*Input records*:
==*==
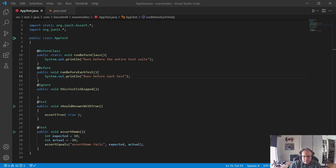Hi. In this video I'm going to demonstrate how to convert from JUnit 4 to JUnit 5 in Visual Studio Code.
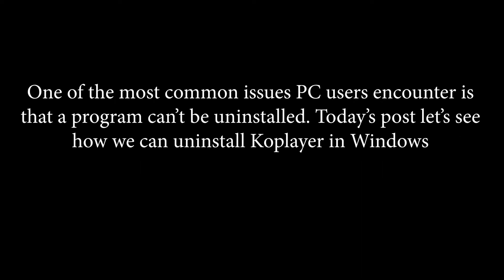One of the most common issues PC users encounter is that a program can't be uninstalled. Today's post let's see how we can uninstall KoPlayer in Windows.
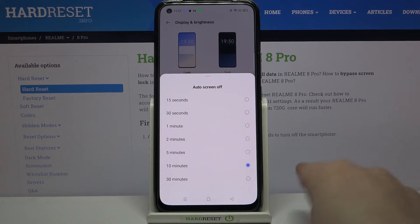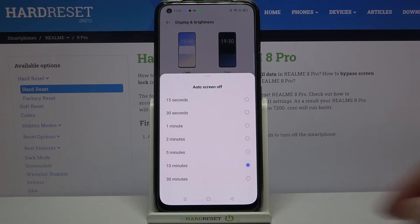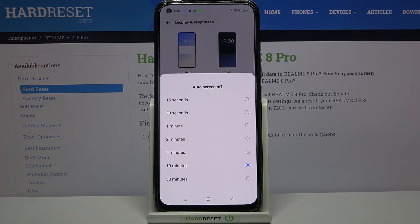Right now we've got 10 minutes applied and you can see it because this option is marked. And all you have to do in order to change it is to tap on the option you'd like to use.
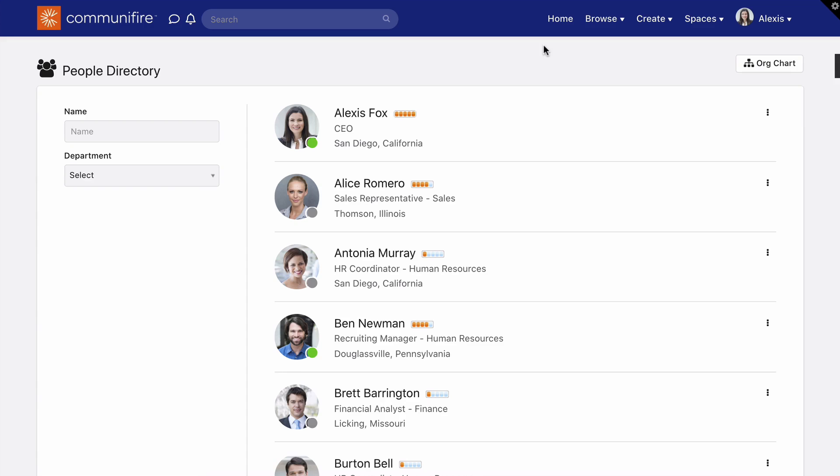Bulk Import makes it fast and easy to add people to your intranet. As users log in and explore the intranet, your site will be filled with rich content and activity. Thanks, and have a great day!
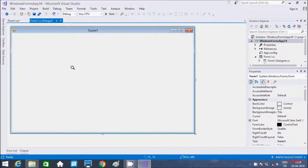In this video I am going to discuss what PictureBox control is in C# .NET Windows application. PictureBox is generally used to display pictures in our form.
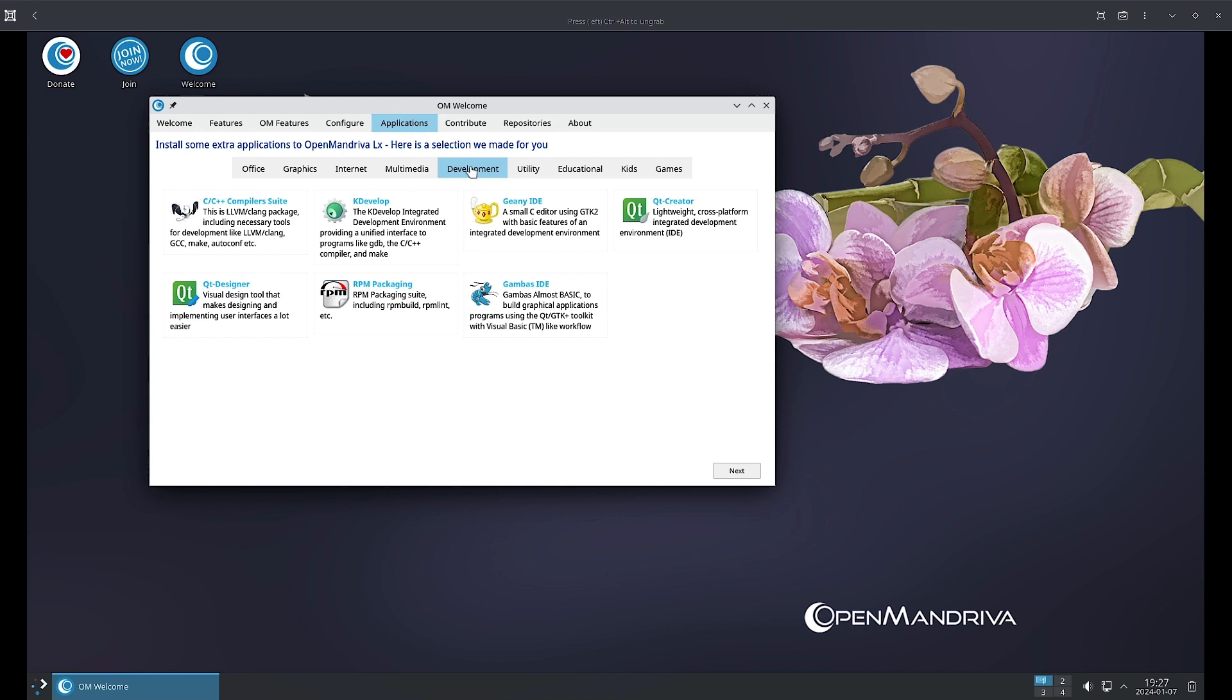RPM packaging suite is there to include the different tools to build your RPM package. Gambas IDE is there. Gambas is almost like BASIC to build graphical application programs using GTK or Qt toolkit with Visual Basic-like workflow.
==*==
*Task goal*:
Using the listing above, repeat word for word each line from the one with "One of the most" down to the one with "In this video I am", both included. Omit all pictures.

*Answer below*:
One of the most common issues PC users encounter is that a program can't be uninstalled. Today's post let's see how we can uninstall KoPlayer in Windows.
Right now we've got 10 minutes applied and you can see it because this option is marked. And all you have to do in order to change it is to tap on the option you'd like to use.
Bulk Import makes it fast and easy to add people to your intranet. As users log in and explore the intranet, your site will be filled with rich content and activity. Thanks, and have a great day!
In this video I am going to discuss what PictureBox control is in C# .NET Windows application. PictureBox is generally used to display pictures in our form.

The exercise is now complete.